India grants 83,000 domicile certificates to non-Kashmiris in disputed region
Move mirrors Israeli-style settlement tactics, aimed at eroding indigenous Kashmiri identity and autonomy
SRINAGAR, Kashmir (MNTV) — The Indian government has granted over 83,700 domicile certificates to non-local individuals in Jammu and Kashmir over the past two years — a move that underscores India’s systematic settler colonial strategy in the Muslim-majority region.
The figures were disclosed in a written parliamentary response to lawmaker Waheed Ur Rehman Para, who has demanded an investigation into the mass issuance.
The data reveals a deliberate attempt to reconfigure the region’s demographics by settling outsiders in a territory recognized by the United Nations as disputed.
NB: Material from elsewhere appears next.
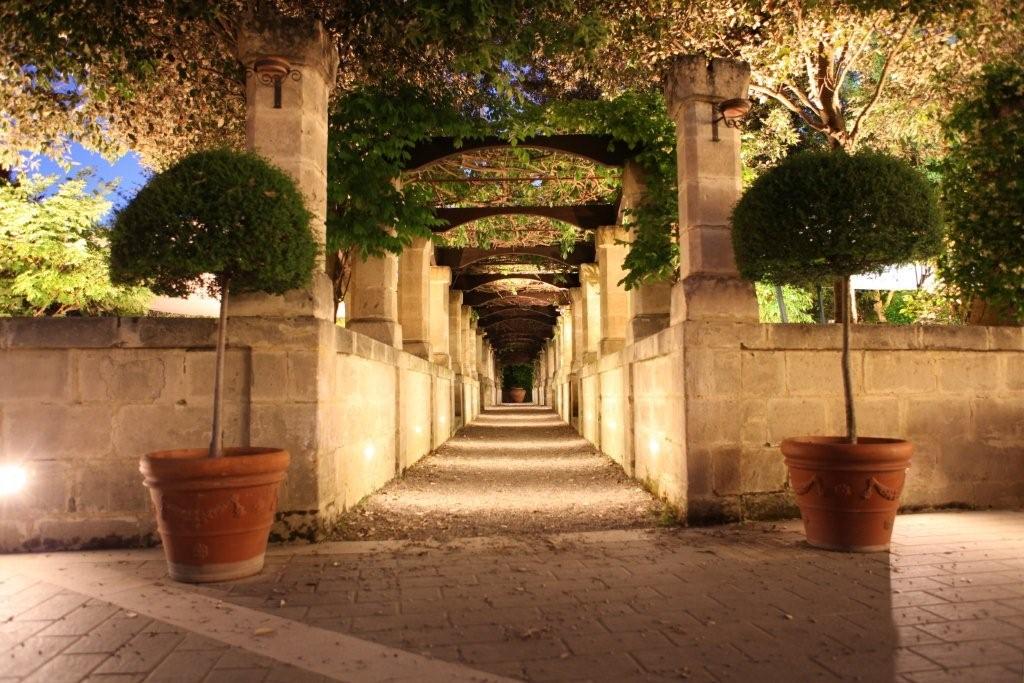 Del Campo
Official data shows that these 83,742 certificates to non-state subjects are part of a broader issuance of approximately 3.5 million domicile certificates in just two years.
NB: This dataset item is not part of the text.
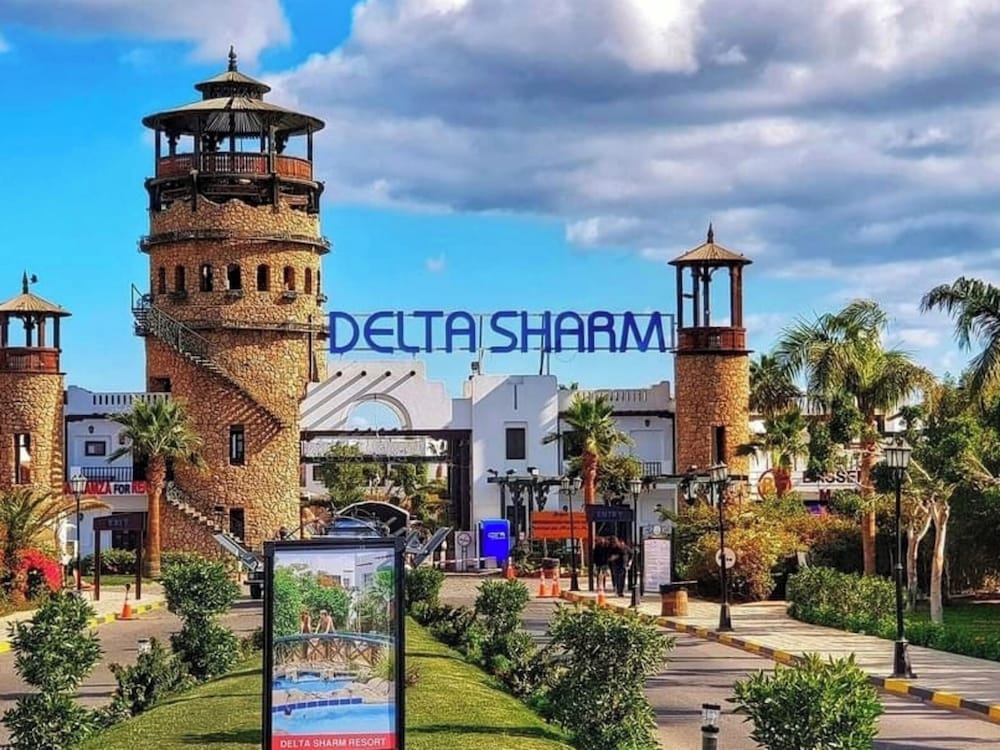 Delta Sharm Resort 49/50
These domicile certificates are not merely administrative documents — they are political weapons.
They grant land ownership and access to government jobs, rights previously reserved for locals.
By expanding these rights to non-Kashmiris, India is engineering a demographic shift that seeks to erase the region’s indigenous Muslim identity and entrench Hindu dominance.
This campaign began in earnest after August 2019, when India unilaterally revoked Article 370 — the constitutional provision that granted Jammu and Kashmir limited autonomy and protected its demographic composition.
Within a year, over 25,000 domicile certificates were issued to outsiders.
Among the latest cases, 52 non-local men in Beerwah tehsil of Budgam district received domicile status through marriage to local women — a loophole exploited to justify demographic intrusion.
While Indian authorities claim these moves foster “integration,” the reality is starkly different.
India is not integrating Kashmir — it is colonizing it.
The parallels with Israel’s occupation of Palestine are impossible to ignore.
Like Zionist settlements in the West Bank, India is building “facts on the ground” in Kashmir — bureaucratic and legal structures designed to dispossess the native population and replace them with politically loyal settlers.
According to India’s 2011 census, Muslims constituted 68.31% of Jammu and Kashmir’s population of 12.5 million.
That demographic balance is now under siege.
By weaponizing domicile laws, New Delhi is reshaping the political future of Kashmir — not through ballots, but through bulldozers and birth certificates.